I wear a velvet John Whitaker for AHing as it's navy and goes with my tweed last year I wore a Jockey Skull with brown velvet though. And full season I have a black CO showjumper as have a black jacket. I prefer the look off these to a skull and thought the peaks were alot better at absorbing the energy now?? Fell of three times last season and was prop the type off fall but head hurt more in the jockey skull and had a lot more off a whiplash feel, i somersaulted in my showjumper and alltho I broke my collar bone, my head felt fine and I did have marks on the hat, same applied wen I rode into a branch head first! The peak also helps keep the rain off a bit!


----------



## chancing (11 October 2011)

im still umming and aaahing whether to go for a peak or not now then!!


----------



## LizzieJ (11 October 2011)

If you're only intending on having one hat you won't be able to go cross country in a peaked hat


----------



## chancing (11 October 2011)

i wont be going xc for a while on chance liz although she did jump today was going to have 2


----------



## Ella19 (11 October 2011)

The way I look at it is hunting esp drag hunting is very like xc. Now if competing xc you would only be allowed a skull and with good reason, so bar tradition why would you wear something different to hunt in?!


----------



## Starbucks (11 October 2011)

Skull cap for me.

On one of my first days hunting, I was about 7 and on the lead rein.  We were pottering back down a track to go home and a horse bolted past us.. it slipped and fell on the road at the bottom.  The lady was wearing a patey, it came off and she died. 

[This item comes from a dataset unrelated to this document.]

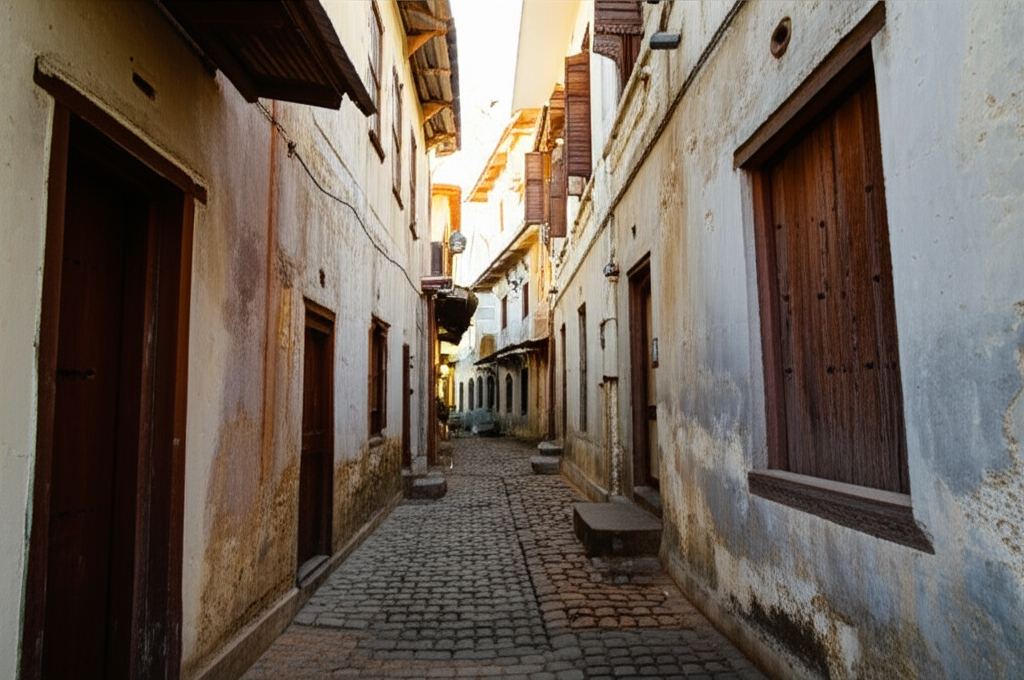 Stone Town Heritage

I just think if you are going to die riding a horse, hunting must be pretty high risk as things go, and falling on the road quite likely.  I'm happy not to wear any hat in the school, but want to be as protected as poss hunting! Each to their own of course.


----------



## dominobrown (11 October 2011)

I always wear my champion velvet hat (with flesh coloured harness), they are smart, suitable for showing and show jumping etc and are safe. They are up to safety standards.

I have an old book about hunting turnout and apprantly only hunt staff, farmers and land owners should wear hunting caps (pateys), everyone else shouldn't wear anything, though most hunts don't mind people wearing hunting caps for safety these days (40/50 years ago!). 
Suppose a patey is better than nothing!


----------



## PorkChop (12 October 2011)

I used to wear a Showjumper with flesh harness, but this year have decided to wear my HS1, haven't hunted for a few years.  To be honest I worry more about slipping on roads than falling off when jumping.


----------